Grete, è la vedova allegra, interpretata da Patrizia Scianca, che spera ancora nei piaceri della vita ma che è costretta a fare i conti con due matrimoni falliti e una figlia scappata in Australia, per sfuggire il padre che “la castiga nel letto matrimoniale”;

Per Maria, interpretata da Rossana Peraccio, l’universo è un gigantesco macchinario vitale, in cui si mangia e si caca; quindi è necessario esista qualcuno che sturi i condotti intasati affinché il tutto possa nuovamente funzionare. Maria è la predestinata al compito, colei che per eccellenza è in grado di assolverlo, perché “lei lo fa senza” (guanti) a mani nude, senza provare schifo.

La curiosità voyeuristica con cui W. Schwab segue i suoi “deliziosi idioti”, viene disturbata dal dolore e dalla ferocia che accompagna il supremo tentativo di trovare un accordo tra la filosofia minima della sopravvivenza e quella della salvezza eterna. I conflitti canonici delle pièce di conversazione creano in questo testo non solo tensione tra i partecipanti, ma una vera e propria escalation di dolore. La lotta per la redenzione della propria anima, tra salsicce e apparizioni della Madonna, è un gioco doloroso e serissimo in cui il grottesco di ogni situazione cede man mano il terreno a una tragedia annunciata.

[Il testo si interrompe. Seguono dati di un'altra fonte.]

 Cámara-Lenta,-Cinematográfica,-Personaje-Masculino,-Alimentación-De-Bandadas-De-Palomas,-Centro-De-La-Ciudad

La patria ideale di Schwab non è la scena ma il linguaggio. Le parole, date a prestito per scatenare l’evento teatrale servono a soffrire, a vuotare l’anima e tutto quello che ci sta dentro: il corpo.

Trama

La scena mostra un’isola in una discarica dalla quale le donne non possono scendere. L’atmosfera è sospesa e le donne, rapite dal tubo catodico, sono grottesche nei loro eccessivi fisici e verbali. Le preghiere papali e i notiziari riecheggiano nella sala: sono segnali del mondo esterno che arrivano distorti e stonati e contrappuntano tutto il primo tempo. Erna, Grete e Maria parlano informalmente del più e del meno lasciando affiorare dagli abissi delle loro autobiografie matrimoni fallimentari, separazioni, lotta per la salvezza – in questo mondo e nell’altro.

La seconda scena è occupata da un sogno ad occhi aperti delle tre donne in estasi: Erna sogna di essere salvata dal macellaio Wottila che ha le visioni della Madonna nel bosco e ha fatto voto di tenere la mortadella in sconto per tutta la vita; Grete immagina un corpulento suonatore di basso tuba che le assaggerà il solido didietro; e alla povera Maria, messa in disparte dalle altre due, non restano che tre cessi intasati e i loro misericordiosi misteri…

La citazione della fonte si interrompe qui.